══ Records supplied
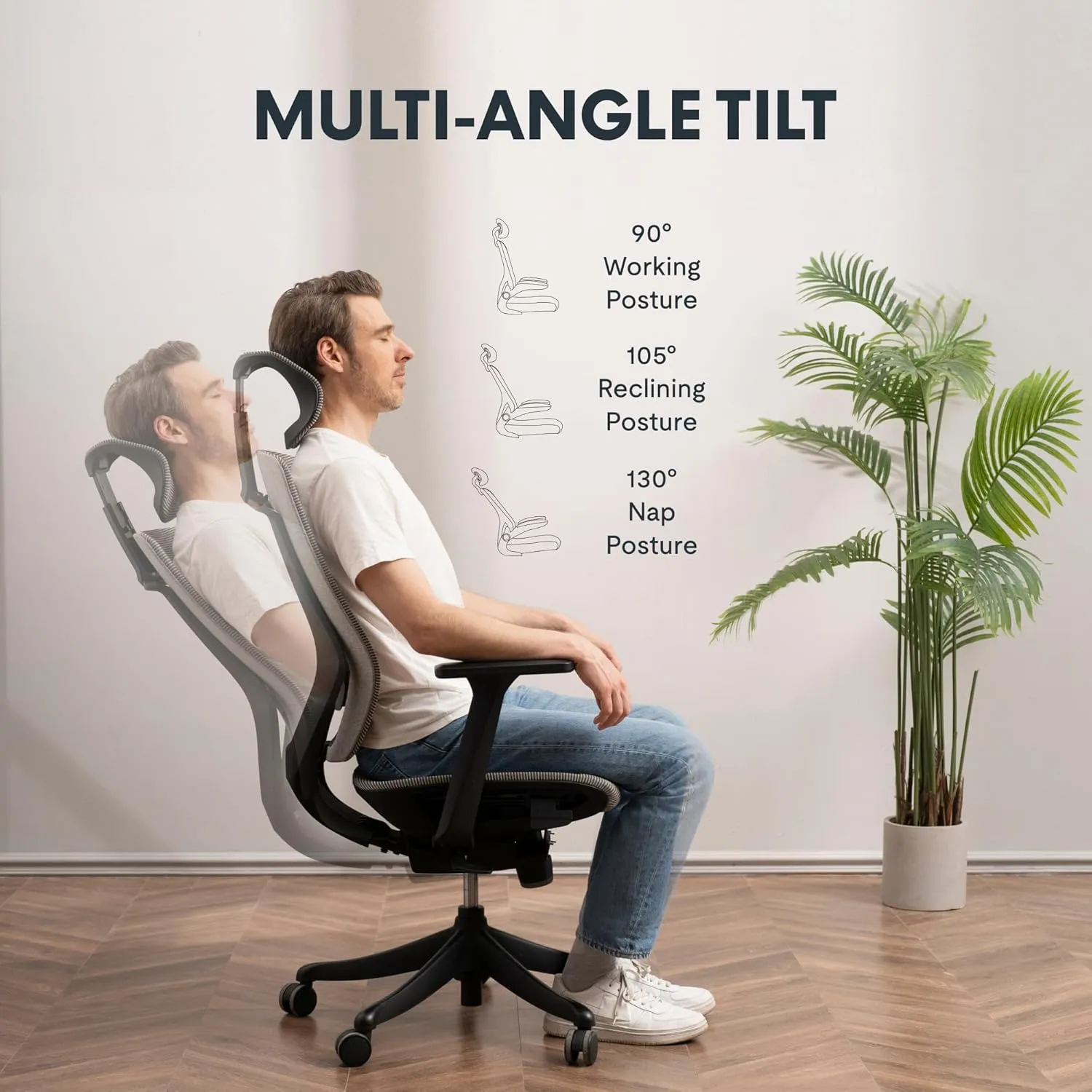 FLEXISPOT Upgraded OC6 Big and Tall Office Chair Heavy Duty,4D Armrest Mesh Ergonomic Home Office Chair with High Back,Lumbar Support,Tilt Function,and 360°Swivel Wheels(Light Grey)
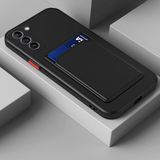 Fibaks Samsung Galaxy S21 Kılıf Kamera Korumalı Kartlıklı Cüzdanlı Kırmızı Tuşlu Siyah Silikon Kapak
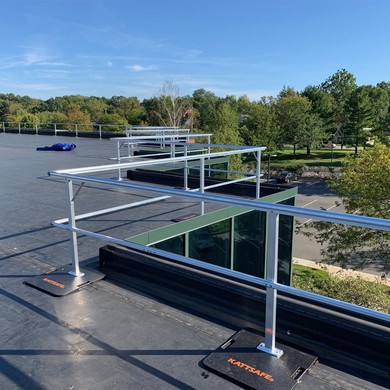 Rooftop guardrail system installed for fall protection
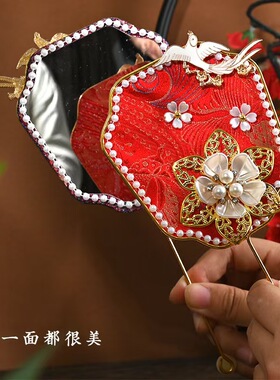 教师节手工diy团扇材料国风迷你镜面宋锦扇子手持镜活动礼品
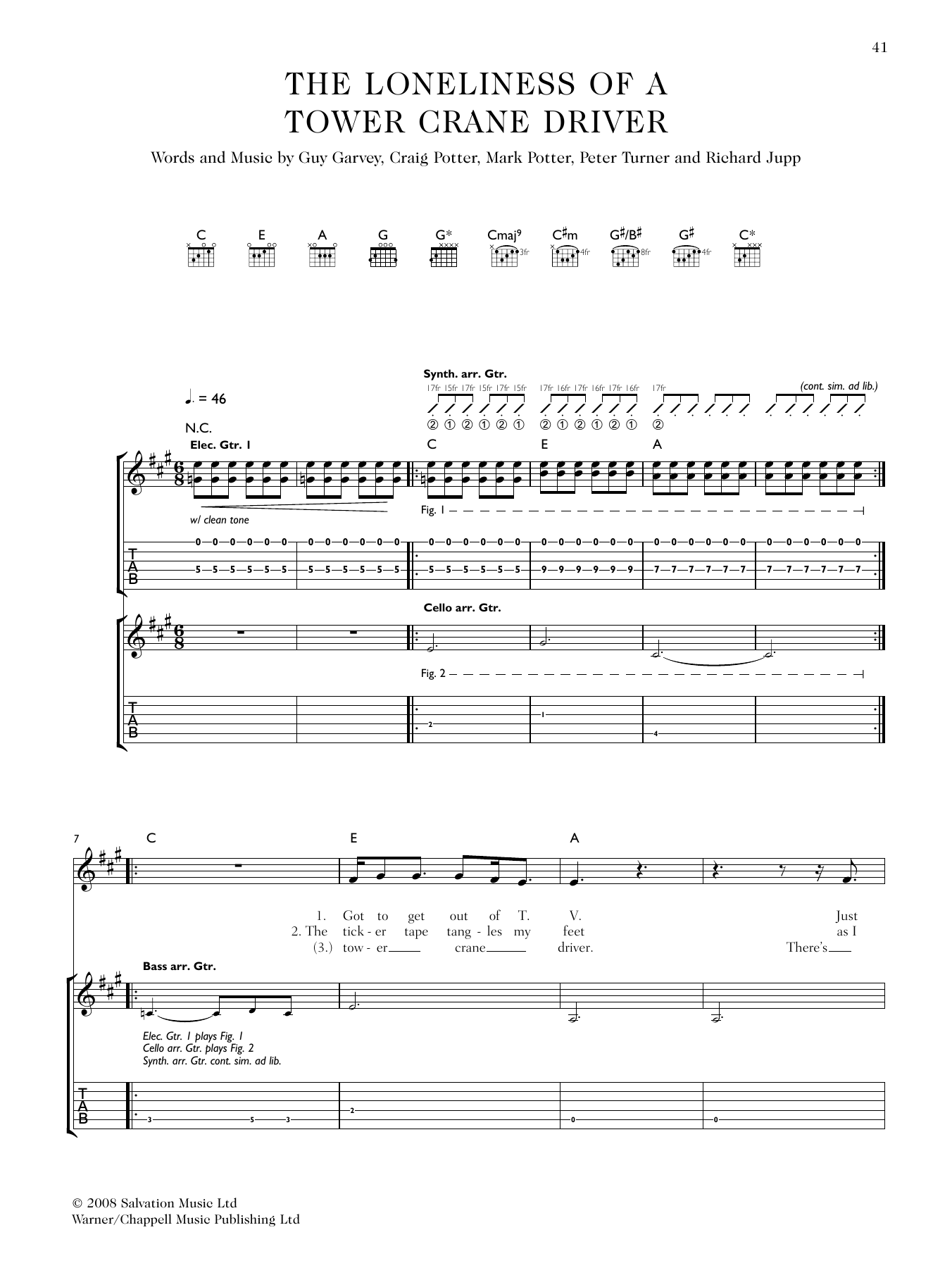 Learn to play Elbow The Loneliness Of A Tower Crane Driver sheet music for Guitar Tab in minutes. Price: 6.9900$ Elbow The Loneliness Of A Tower Crane Driver sheet music notes and chords arranged for Guitar Tab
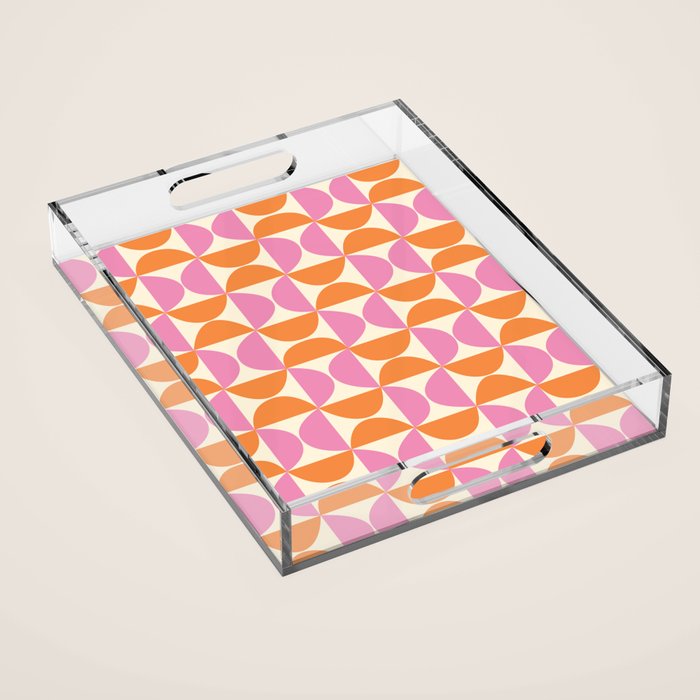 Mid-Century Geometric Shapes in Orange & Pink Acrylic Tray Gallery Image 1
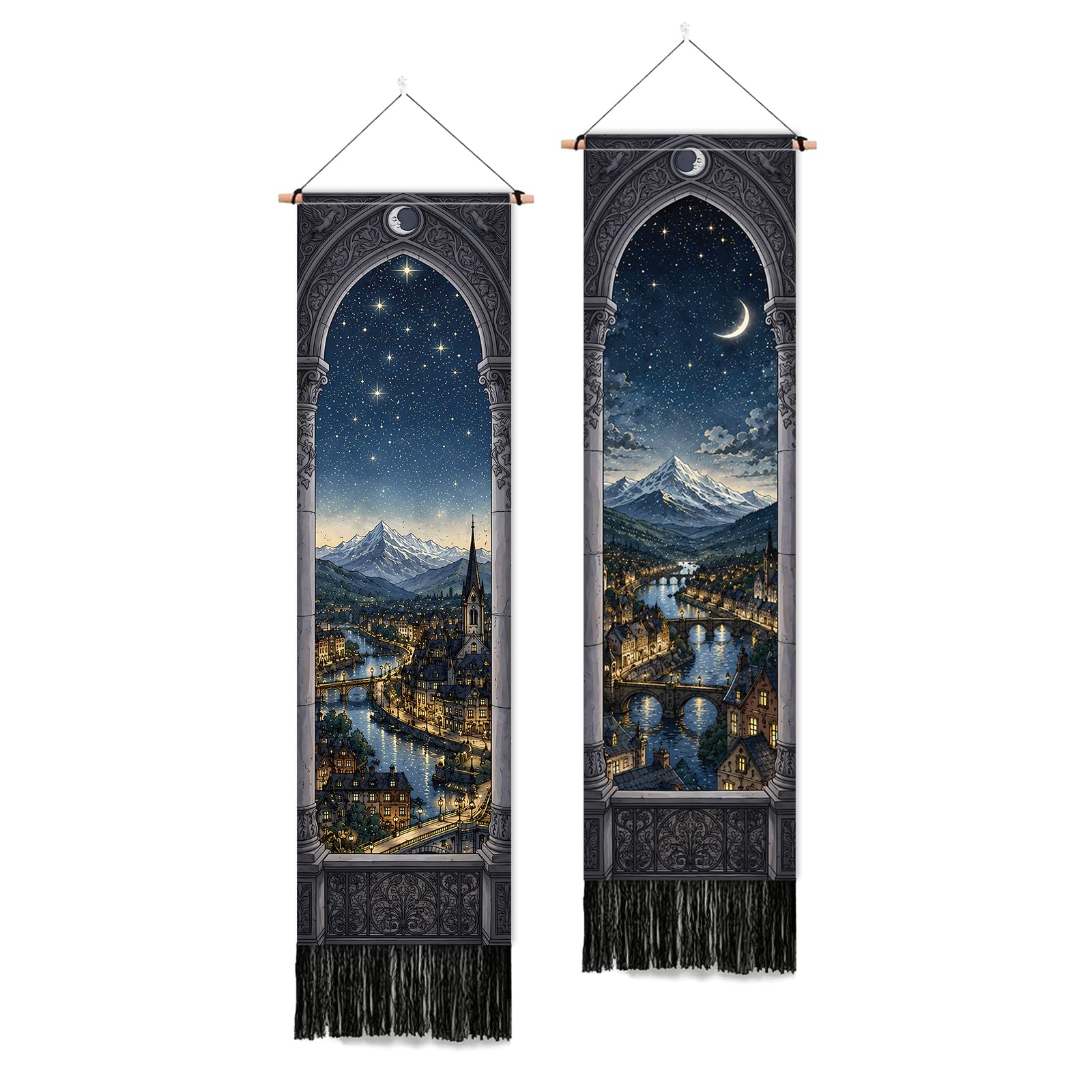 PLIGREAT 2 Pack Arched Window Starry Night Long Narrow Tapestry, Retro Aesthetic Wall Art Hanging for Bedroom Aesthetic Decor, Vertical Tapestry for Bathroom Living Room Dorm Hallway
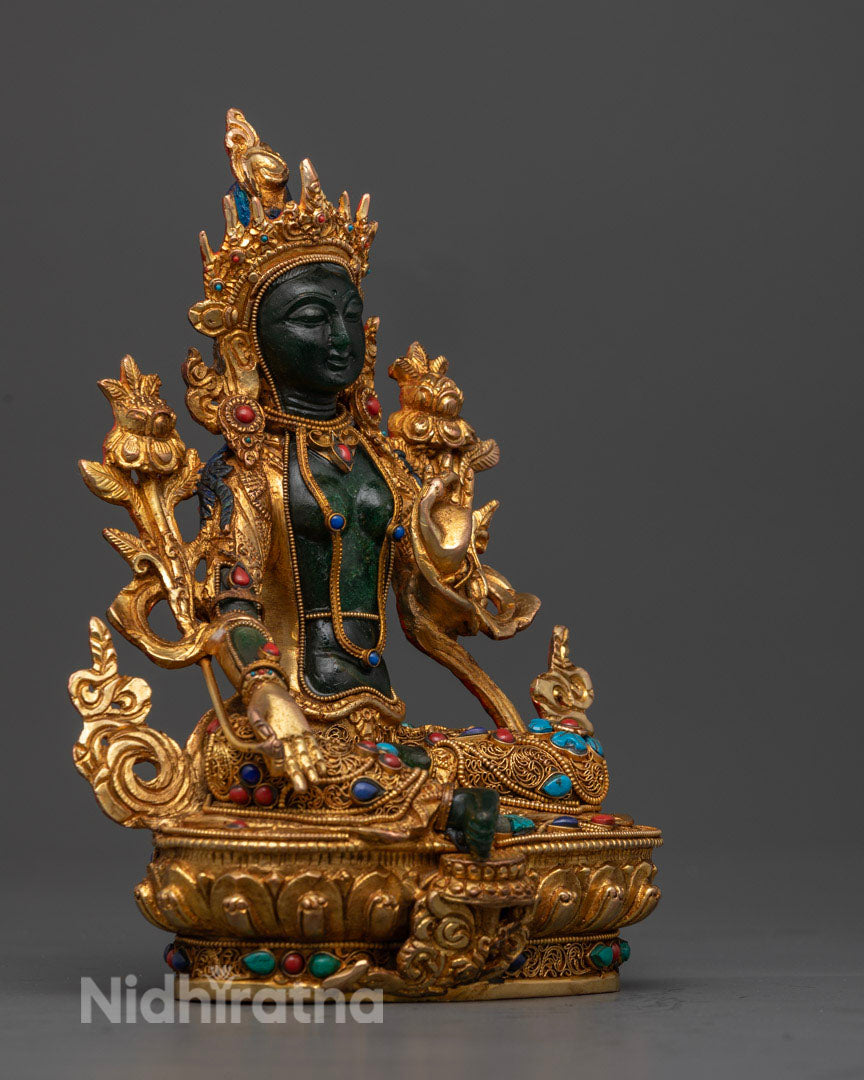 Green Stone Arya Tara Statue | Mother Tara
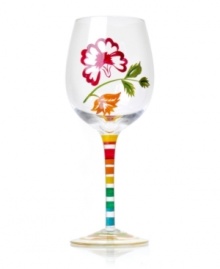 Pairing festive stripes with bold blooms, this set of floral Stripe wine glasses from Clay Art glassware rejuvenates your daily routine with a double dose of color and style, all in vibrantly hand-painted glass.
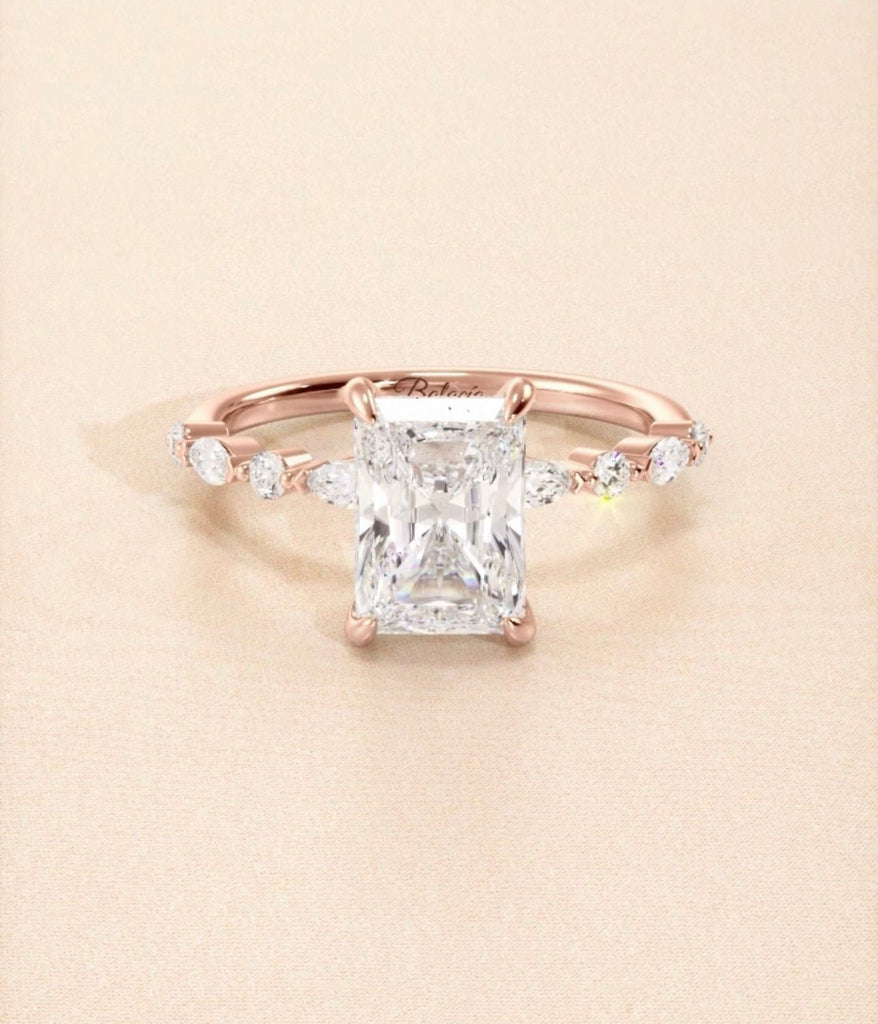 Radiant Cut Natural Diamond Dainty Engagement Ring - Balacia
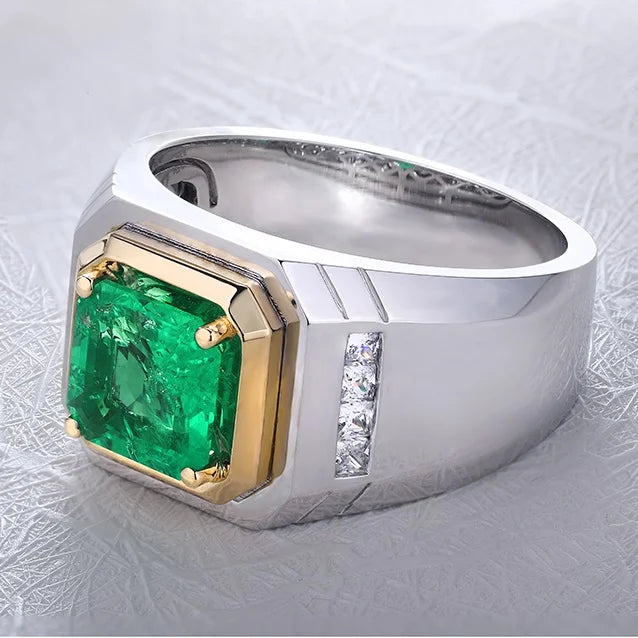 Gemfiori Anster Lab Created Emerald With Inclusions Men's Ring S925 Sterling Silver Lab Made Diamonds and Emeralds Ring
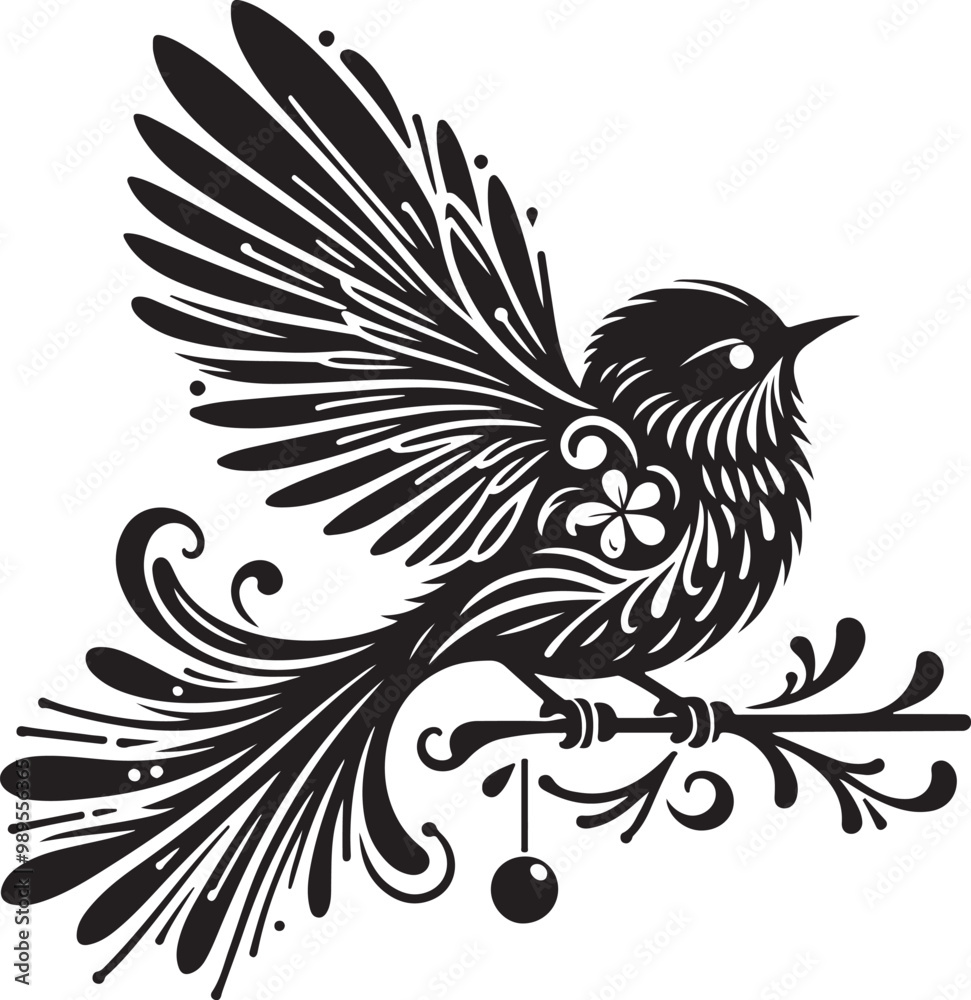 Obraz premium black and white bird sitting on a tree branch,pattern on bird.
════
§ Problem details:
Pictures are to be omitted; otherwise, every line from the first line of the listing through the line containing "Radiant Cut Natural" must be reproduced exactly, both ends included.

§ Task result:
 FLEXISPOT Upgraded OC6 Big and Tall Office Chair Heavy Duty,4D Armrest Mesh Ergonomic Home Office Chair with High Back,Lumbar Support,Tilt Function,and 360°Swivel Wheels(Light Grey)
 Fibaks Samsung Galaxy S21 Kılıf Kamera Korumalı Kartlıklı Cüzdanlı Kırmızı Tuşlu Siyah Silikon Kapak
 Rooftop guardrail system installed for fall protection
 教师节手工diy团扇材料国风迷你镜面宋锦扇子手持镜活动礼品
 Learn to play Elbow The Loneliness Of A Tower Crane Driver sheet music for Guitar Tab in minutes. Price: 6.9900$ Elbow The Loneliness Of A Tower Crane Driver sheet music notes and chords arranged for Guitar Tab
 Mid-Century Geometric Shapes in Orange & Pink Acrylic Tray Gallery Image 1
 PLIGREAT 2 Pack Arched Window Starry Night Long Narrow Tapestry, Retro Aesthetic Wall Art Hanging for Bedroom Aesthetic Decor, Vertical Tapestry for Bathroom Living Room Dorm Hallway
 Green Stone Arya Tara Statue | Mother Tara
 Pairing festive stripes with bold blooms, this set of floral Stripe wine glasses from Clay Art glassware rejuvenates your daily routine with a double dose of color and style, all in vibrantly hand-painted glass.
 Radiant Cut Natural Diamond Dainty Engagement Ring - Balacia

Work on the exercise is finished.